ISA recently published Security PHA Review for Consequence-Based Cybersecurity by Edward Marszal, PE, and James McGlone – two globally recognized experts in process safety, industrial cybersecurity, and the ISA/IEC 62443 series of IACS security standards. In this Q&A feature, McGlone highlights the focus, importance, and differentiating qualities of the book.
Q. What is a Security PHA Review and how does it help ensure industrial cybersecurity?
A. The first step is applying a methodology for assessing the potential risks posed by a cyberattack on process plants. In the process industries, the most widely accepted process for identifying hazards and assessing risk is the Process Hazard Analysis (PHA) method, most commonly performed through hazard and operability studies (HAZOPs)
A Security Process Hazards Analysis (PHA) Review is a practical and inexpensive analysis method that can verify if critical industrial automation processes and machinery are protected or if they could be damaged through cyberattack.
By analyzing the cause of and safeguards for cybersecurity weaknesses, it’s possible to determine consequences that are potentially unaffected by the safeguards and those that could be caused by malicious intrusion, such as hacking.
This book reviews the most common methods for PHA of process industry plants and explains how to supplement those methods with an additional Security PHA Review (SPR) study to determine if there are any cyberattack vectors that can cause significant physical damage to the facility.
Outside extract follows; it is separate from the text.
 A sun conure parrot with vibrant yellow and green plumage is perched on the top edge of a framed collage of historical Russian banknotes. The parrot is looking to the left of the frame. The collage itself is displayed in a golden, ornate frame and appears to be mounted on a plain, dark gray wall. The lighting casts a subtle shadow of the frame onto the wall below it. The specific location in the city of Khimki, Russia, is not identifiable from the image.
If these attack vectors are present, then the study methodology makes one of two recommendations: (1) modify one or more of the safeguards so that they are not vulnerable to cyberattack or (2) prescribe the appropriate degree of cyberattack safeguarding through the assignment of an appropriate security level. SPR examples provide insight for implementing these recommendations.
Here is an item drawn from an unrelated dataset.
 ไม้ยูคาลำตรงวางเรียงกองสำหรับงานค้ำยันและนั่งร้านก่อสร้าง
Any consequence that is not protected by existing safeguards or that can be caused by a cybersecurity attack is assigned an ISA/IEC 62443-based Security Level Target to be implemented or it is assigned an alternative safeguard or redesign to eliminate all or some of the cybersecurity risk.
Blog Author Q&A Free Bonus! Click this link to download a free 47-page excerpt from Security PHA Review for Consequence-Based Cybersecurity.
Q. What makes this book different than other books on cybersecurity? Why were you compelled to write it?
A. We were prompted to write the book because the industry and cybersecurity practitioners are still unsure of what to do and why. The prevailing approach in industrial cybersecurity focuses on network devices such as computers, Level 3 switches, and firewalls instead of on the process and machines that could be damaged or cause damage if control is lost.
By focusing on hazard and operability studies (HAZOPs) designated scenarios, it is possible to identify hackable scenarios, rank them appropriately, and design non-hackable safeguards-such as relief valves and current overload relays-that are not vulnerable to the cybersecurity threat vector. Where inherently secure safeguard design is not feasible, the appropriate cybersecurity countermeasures must be deployed.
Q. What types of automation and process industry professionals would benefit most by reading the book?
A. The book will be useful to a wide range of automation and process industry professionals, including:
- Instrumentation and control system engineers and technicians
- Network engineers
- Process safety, health and safety, cybersecurity, and maintenance personnel
- Executives focused on risk reduction
Q. Why does the cover of your book depict springs and gears? How are they related to the content of the book?
A. The book shows how to evaluate each cause and safeguard in a “node” to discover if the consequence can be generated by a cyberattack. If a consequence is vulnerable to a cyberattack, then you can select a Security Level Target for the zone where the cause and safeguard reside or you can modify or redesign the cause and safeguard so they are not vulnerable to the cyberattack. The modifications or redesign involves choosing a different type of technology to remove the cyberattack vulnerability. In many cases, the redesign or modification might involve a device with a spring or gear instead of a microprocessor.